** Materials provided follows **
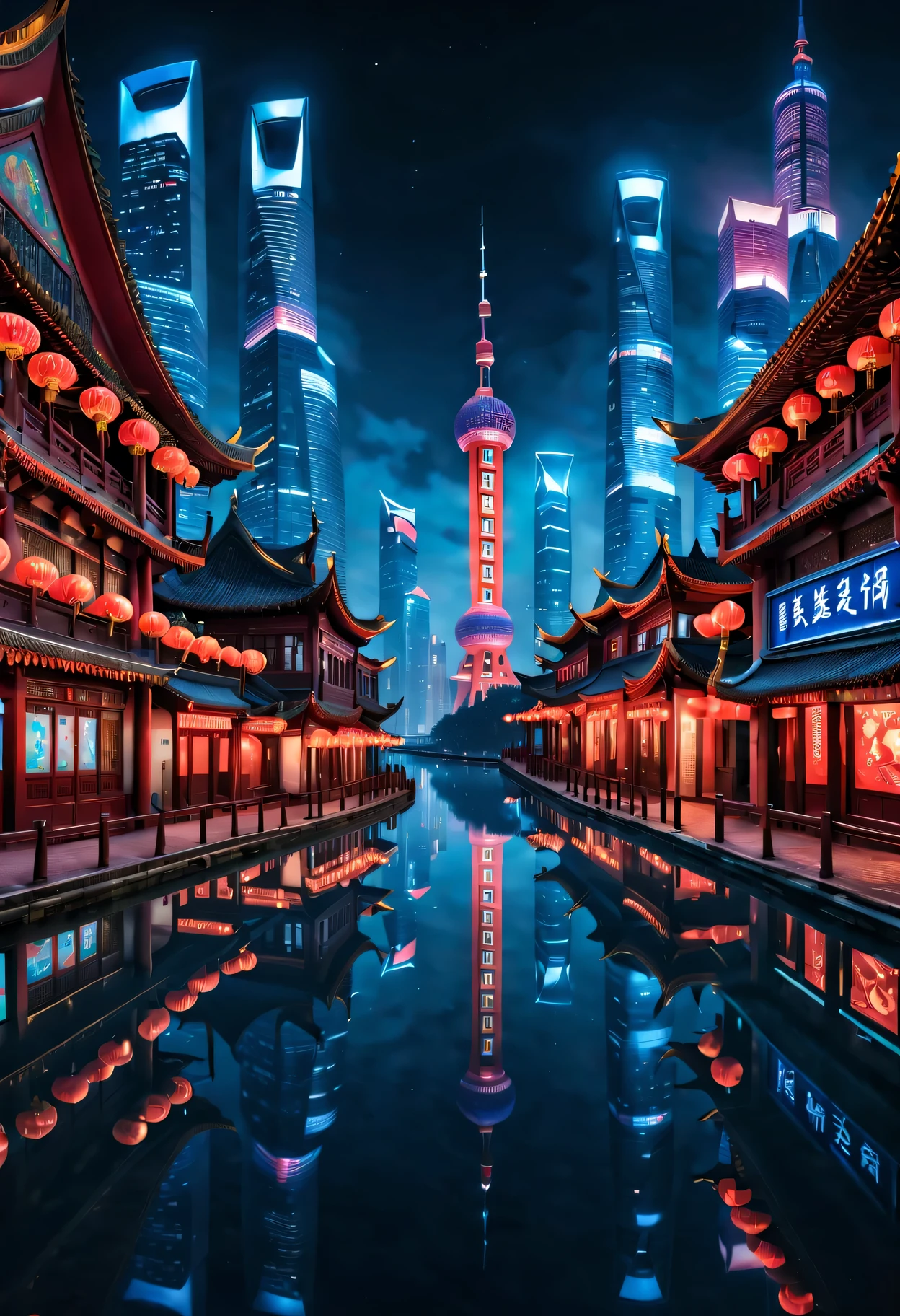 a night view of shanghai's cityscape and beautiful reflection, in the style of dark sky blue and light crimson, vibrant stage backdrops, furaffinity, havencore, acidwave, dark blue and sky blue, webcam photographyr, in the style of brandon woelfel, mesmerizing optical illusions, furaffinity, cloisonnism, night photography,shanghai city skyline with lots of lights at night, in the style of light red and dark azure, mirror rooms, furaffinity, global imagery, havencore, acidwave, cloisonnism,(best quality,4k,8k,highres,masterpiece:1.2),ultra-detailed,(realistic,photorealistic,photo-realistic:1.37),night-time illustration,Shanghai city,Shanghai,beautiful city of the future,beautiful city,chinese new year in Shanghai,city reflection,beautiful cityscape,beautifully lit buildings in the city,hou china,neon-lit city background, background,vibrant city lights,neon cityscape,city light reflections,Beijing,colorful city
** End of Materials provided **
** Materials provided follows **
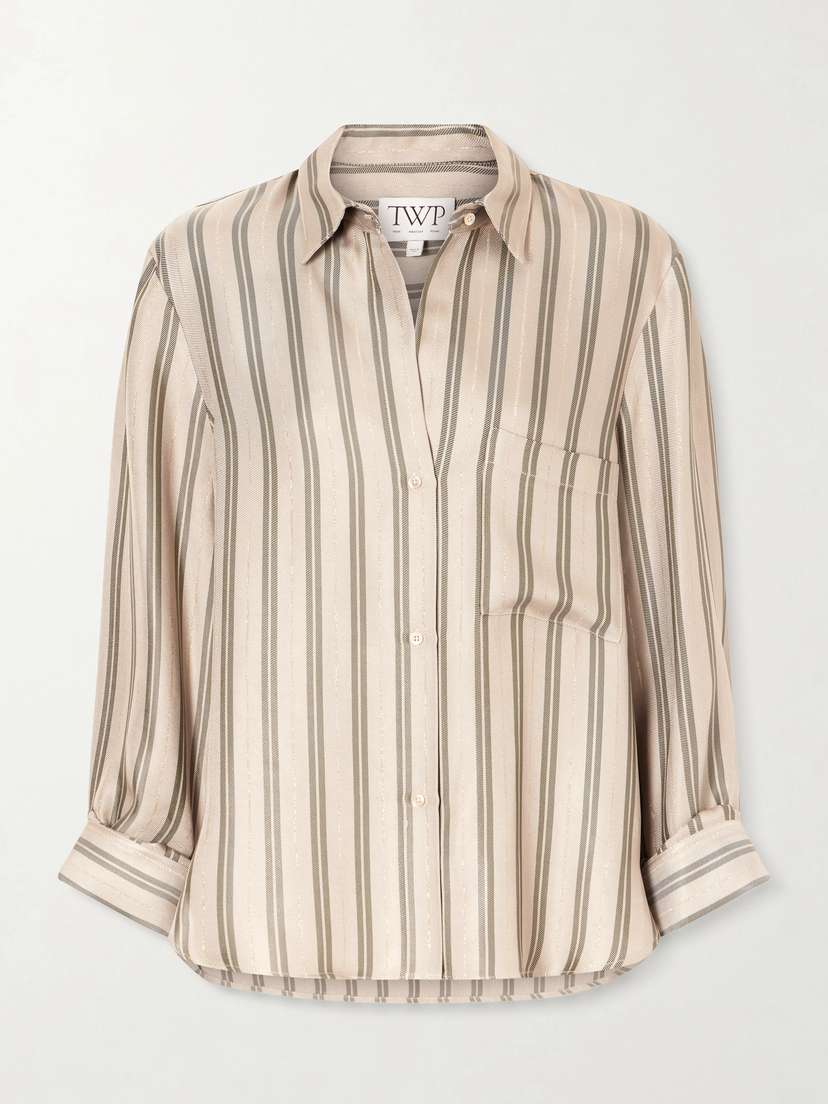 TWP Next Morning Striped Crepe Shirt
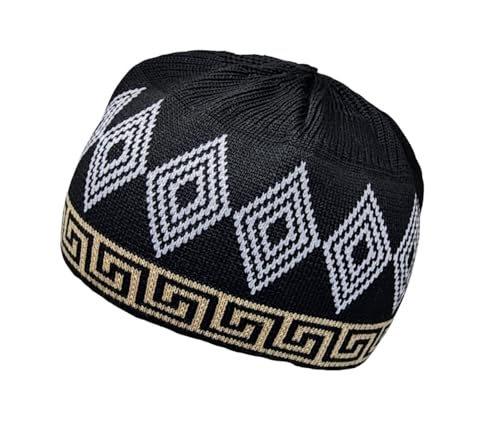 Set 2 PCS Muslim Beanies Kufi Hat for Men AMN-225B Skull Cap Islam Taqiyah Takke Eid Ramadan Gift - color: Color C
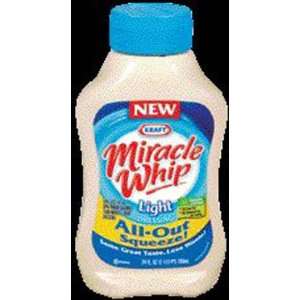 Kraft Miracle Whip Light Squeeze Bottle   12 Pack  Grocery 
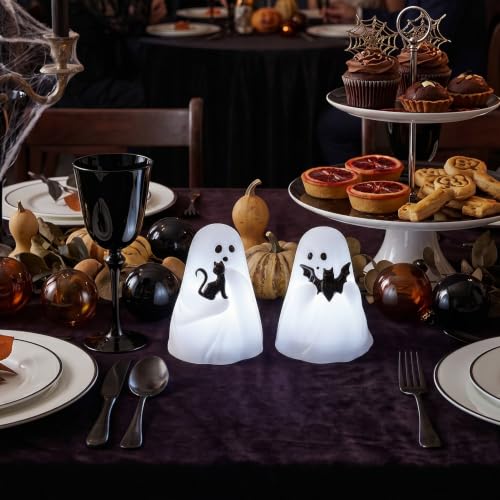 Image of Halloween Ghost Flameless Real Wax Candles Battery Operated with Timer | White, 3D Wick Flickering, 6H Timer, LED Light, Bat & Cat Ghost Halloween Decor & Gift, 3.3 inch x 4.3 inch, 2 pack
** End of Materials provided **
** Materials provided follows **
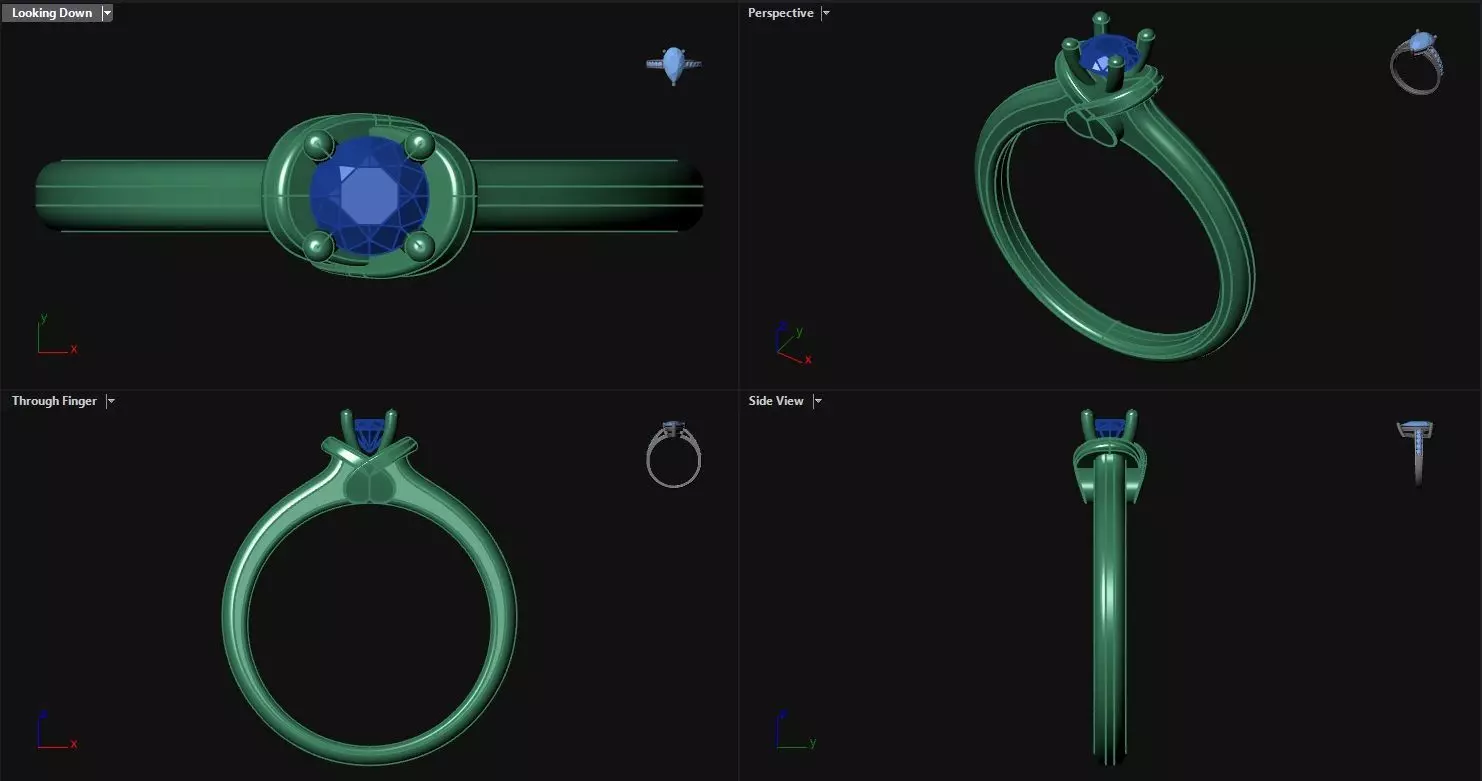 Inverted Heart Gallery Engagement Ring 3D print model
** End of Materials provided **
## Task prompt:
Only one stretch of the data is wanted: write out exactly the lines from the one holding "TWP Next Morning Striped Crepe Shirt" through the one holding "Image of Halloween", both included, without the pictures.

## Solution for this problem:
 TWP Next Morning Striped Crepe Shirt
 Set 2 PCS Muslim Beanies Kufi Hat for Men AMN-225B Skull Cap Islam Taqiyah Takke Eid Ramadan Gift - color: Color C
 Kraft Miracle Whip Light Squeeze Bottle   12 Pack  Grocery 
 Image of Halloween Ghost Flameless Real Wax Candles Battery Operated with Timer | White, 3D Wick Flickering, 6H Timer, LED Light, Bat & Cat Ghost Halloween Decor & Gift, 3.3 inch x 4.3 inch, 2 pack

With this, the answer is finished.